Every morning, in the sunny California winter, Grandma would take a tray of ice cubes out to the garden and empty the ice around the base of the hydrangeas. Her hydrangeas were the only ones in the neighborhood that I remember seeing in full summer bloom. She knew what she was doing and focused her energy on what she liked to do in the garden. When I look back on memories of that early garden, I realize what good gardening friends my grandmother and I would be today.

Nevertheless, I don’t think my grandmother would have opened her garden to visitors the way so many Northwest gardeners do today. In those days, most people gardened with more intention, growing flowers for cutting; tomatoes, lettuce and onions for household meals. The only people who opened their garden to visitors had expansive, high-end gardens that were elegant and grand compared to what we considered normal neighborhood gardens. At least, that’s what Grandma thought. If asked to do so, she would have simply said, “Now why would I want to do that?”

I can think of any number of ways to use the experience of visiting an open garden to enhance my own garden, especially in the area of garden design. One of the reasons I visit other gardens is to check out ideas that would work in my garden. I take the time to consider the work and details that go into that idea before I commit to the expense and labor involved in a garden project. Wouldn’t it be great to see the water feature of your dreams before you installed it in your garden? How about visiting half a dozen greenhouses before choosing one for your work space?

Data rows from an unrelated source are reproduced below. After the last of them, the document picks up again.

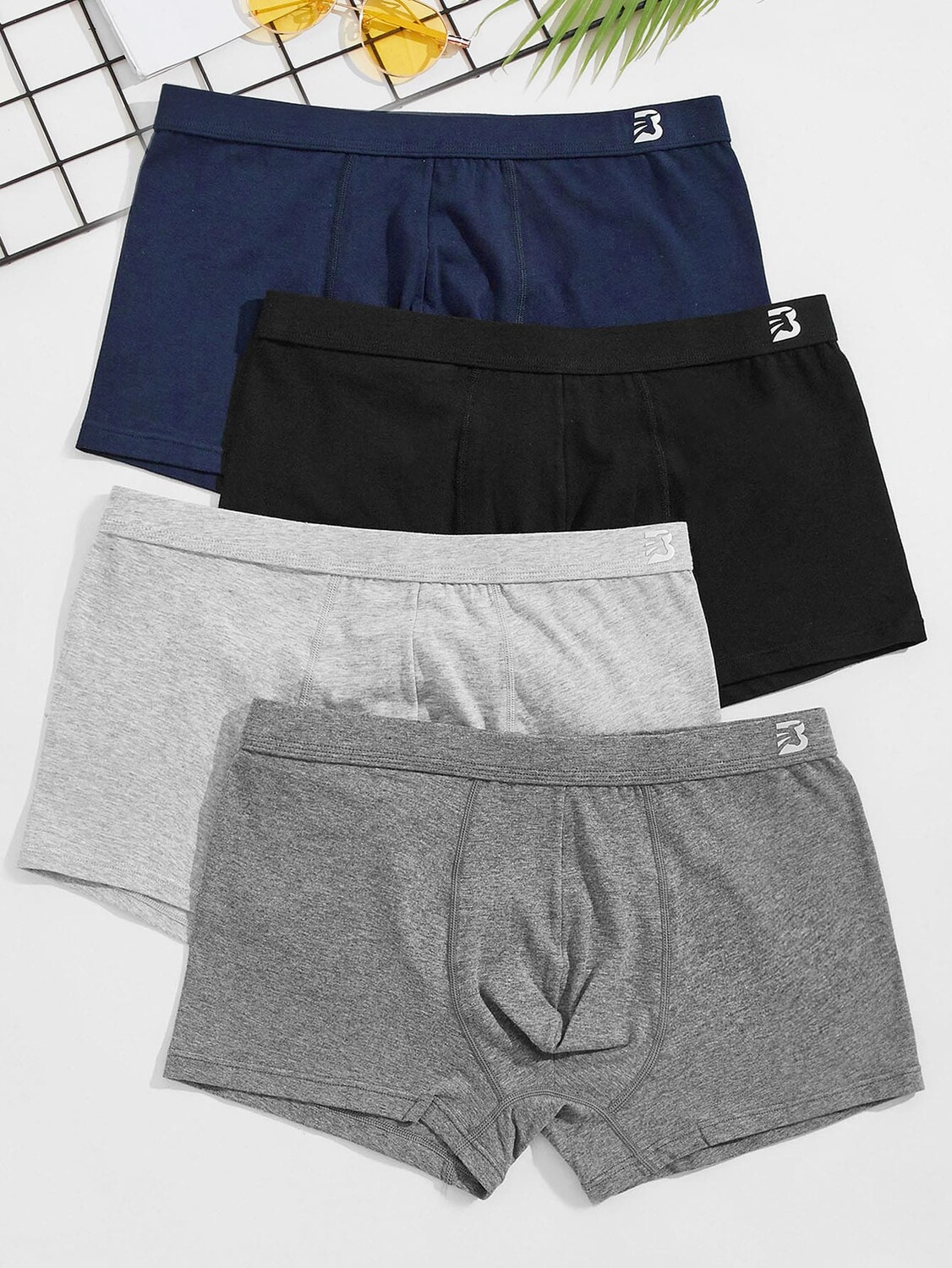 

Мужские боксерские шорты Underwear&Sleepwear Basics, с буквенным принтом, 4 шт Manfinity, мультиколор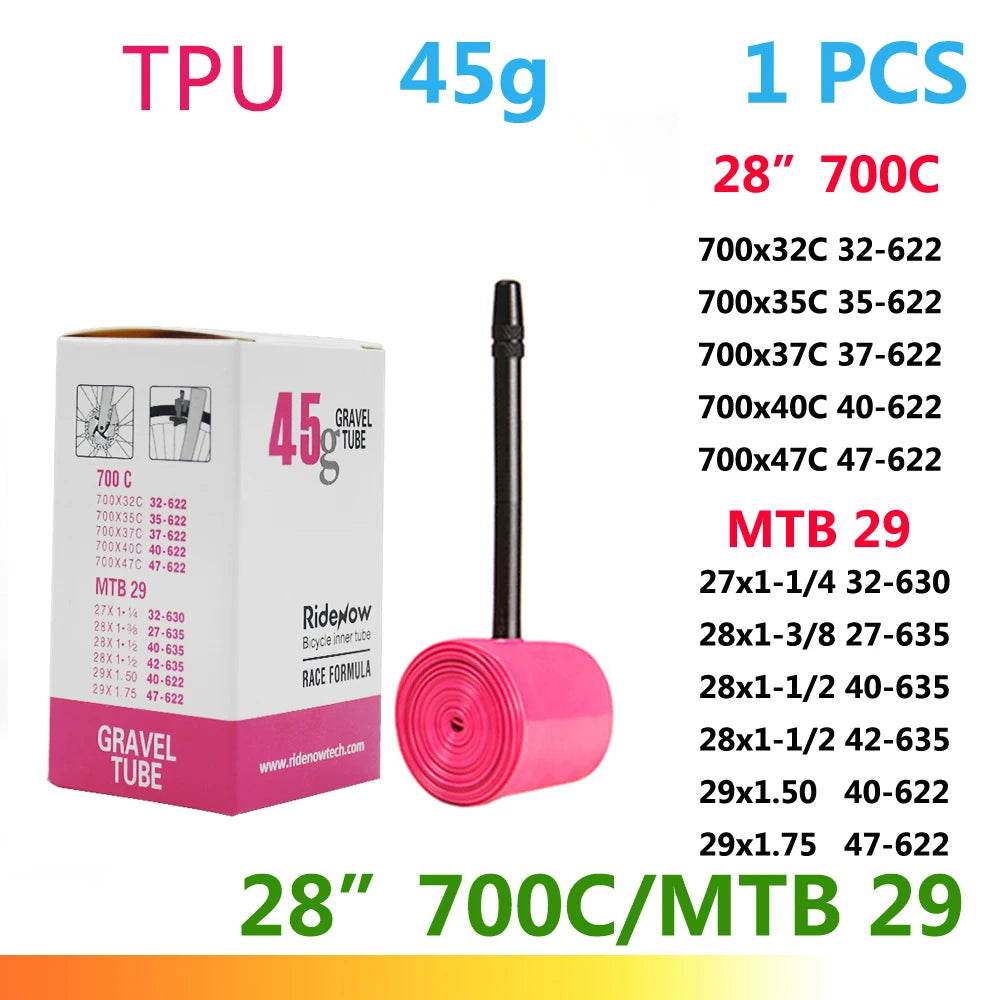 RideNow TPU Bike Inner Tube 700C 700x18 23 25 28 32 35 37 40 47C Road Bicycle Tire MTB Bike Camera 29x1.5 1.75 1.9 Pneu Aro…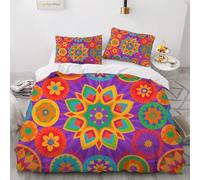 Literie Set Zip 140x200 Mandala Housse de Couette pour Femme Adulte Teen Fleurs 3 pièces Soft Microfibre Comfort Housse de Couette avec 2 Taies d'oreiller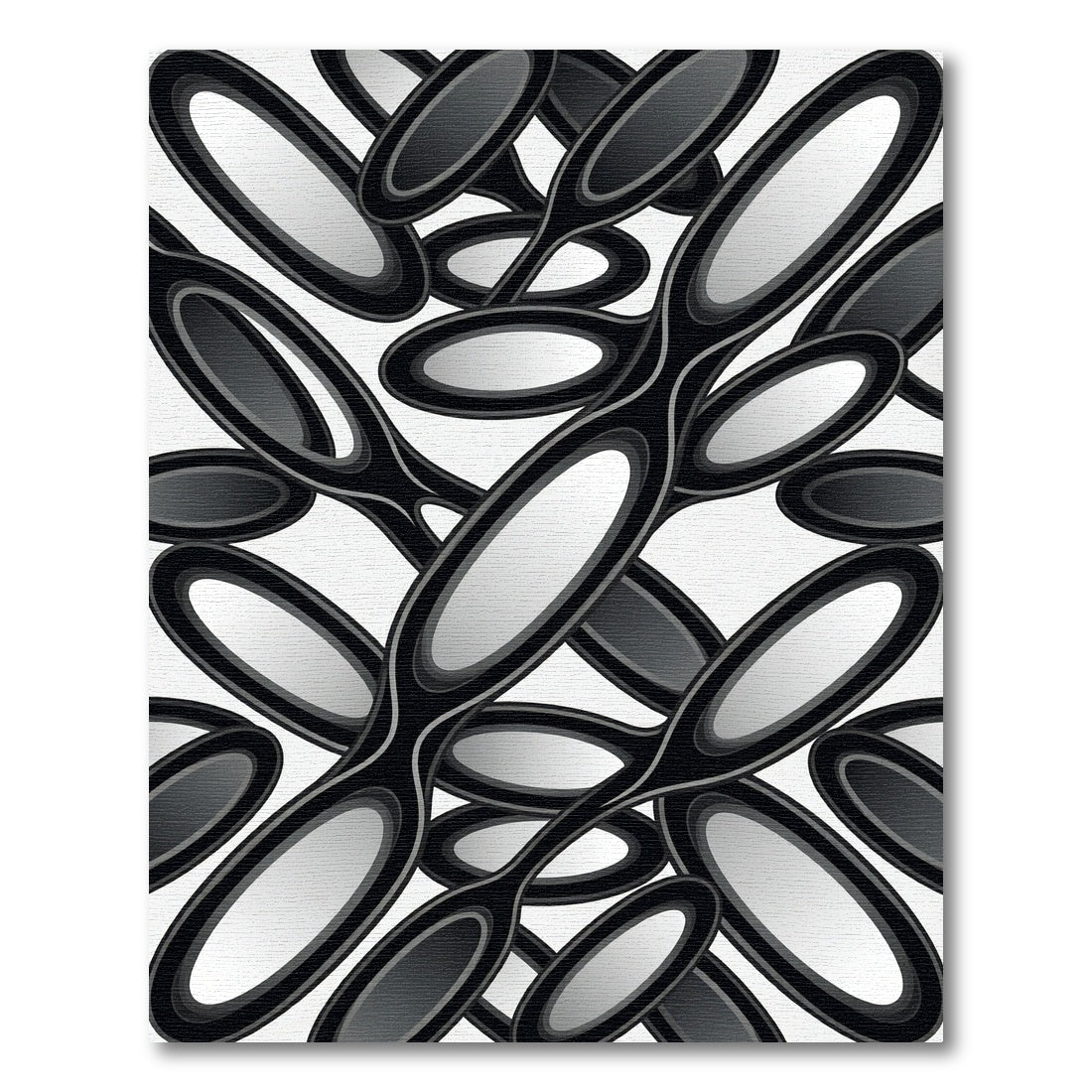 Abstract Black Ovals Interlocking Motion Rug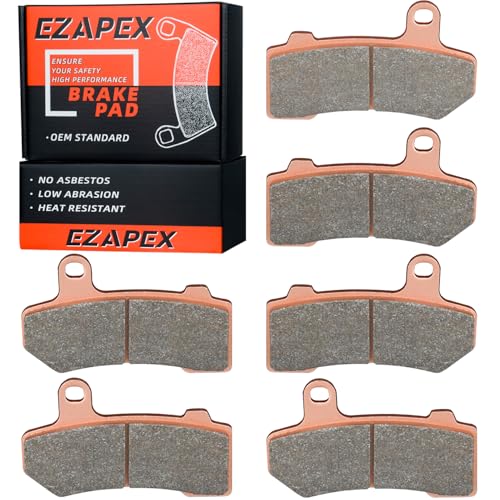 Brake Pads Front and Rear Compatible with Harley Davidson Road Glide 2008-2021 Street Glide 2008-2022 Ultra Classic Electra Glide Sintered Copper 3 sets 41854-08
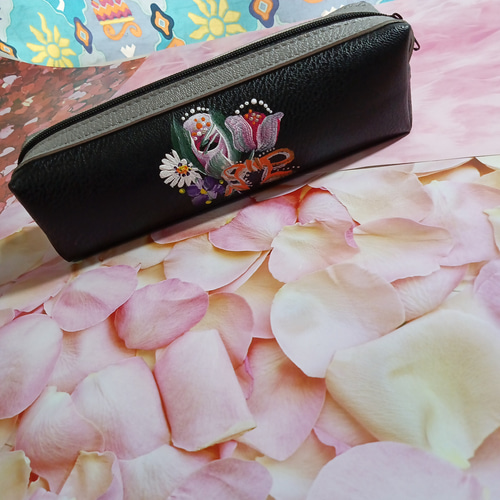 合皮ペンケース トールペイント 手書き ハンドメイド ピンクローズ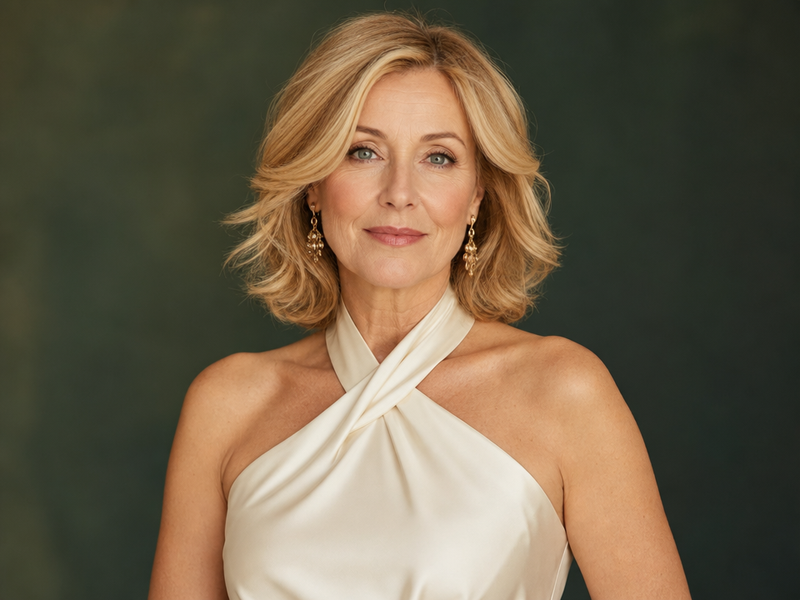 coupe mi-long femme 60 ans âgées cheveux blond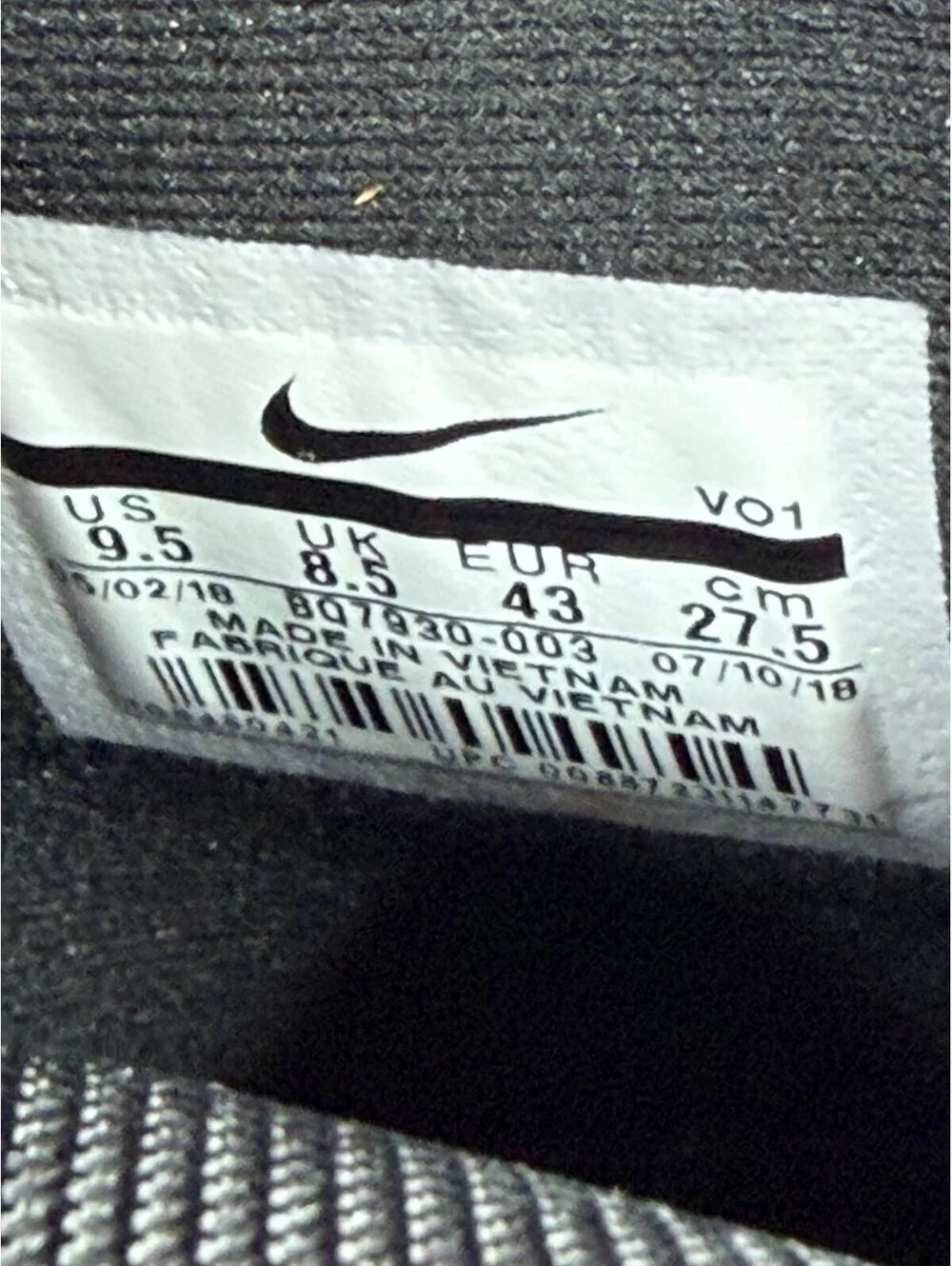 Nike Lunar Force 1 Men's Winterized Duckboot Triple Black Size 9.5BQ7930-003 Men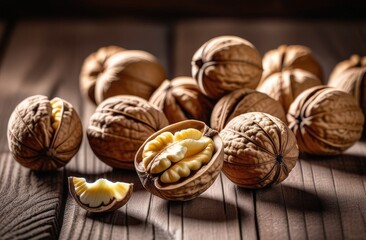 Walnuts on a wooden background in rustic style, close-up, healthy eating concept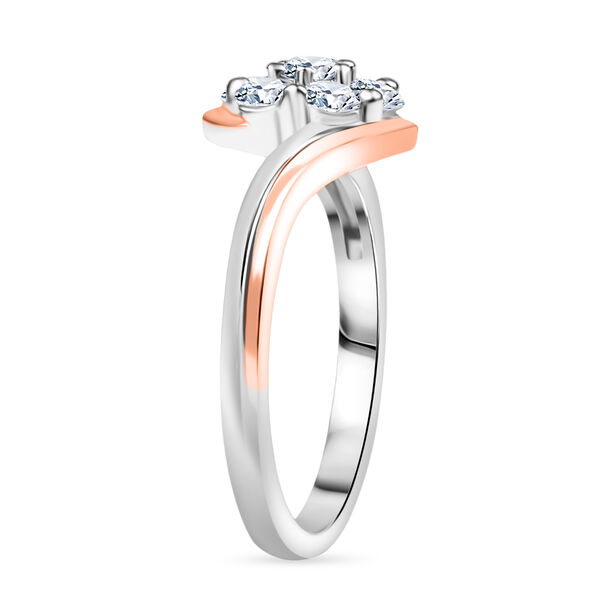 Moissanit Ring, 925 Silber platiniert und rosévergoldet - 0,56 ct. image number 4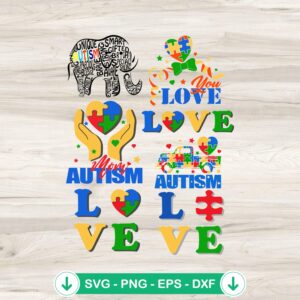 Autism Design SVG Bundle for cricut, cutting file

What you get out of a garden visit is really up to you. If your intention is to garner inspiration for your own garden design, visit 10 open gardens. You might visit other gardens just for the fun of it but you can also visit with the purpose of finding your own style and learning how other gardeners created their style. A garden tour is an ideal way to learn how to best use plants in the garden. It’s a great way to discover which plants you want in your garden. Don’t get hung up on terminology such as formal, informal or natural. Most plants and many garden features are interchangeable in different styles of gardens.

Do, however, keep in mind which elements you must have for a garden you can live with. Choose a selection of plants and ideas that match your enthusiasm for gardening. Take away only ideas that you really like and leave what you don’t. As you enter a garden, be aware of how it makes you feel. Does a shady reading nook fill you with delight? If so, take the time to consider how this feature is designed and where it will fit into your garden plan.

Take in elements

To get the most out of a garden tour consider looking at each element of the garden as if it were already established in your design. Does a formal, flagstone dining patio fit with your lifestyle? Do you like the herringbone brick pattern used in the walkways or would you prefer the earthy crunch of a gravel path under your feet? It can really be a delightful experience imagining that every feature in every garden you visit is a possibility in your own garden. The more gardens and garden events you visit, the better your chance of ending up with a garden that satisfies you in many ways.

My grandma made gardening look so easy. She knew what she was doing and focused on growing a few flowering shrubs and fruit trees that she truly loved. One of my strongest memories is that she had a nectarine and an apricot tree in the backyard. Nectarines are my favorite fruit to this day. Now that I think about it, Grandma actually did open her garden to family and friends, especially grandchildren. Nothing would make me happier than to go back in time and visit my grandmother’s garden again.

Robb Rosser is a WSU-certified master gardener. Reach him at Write2Robb@aol.com.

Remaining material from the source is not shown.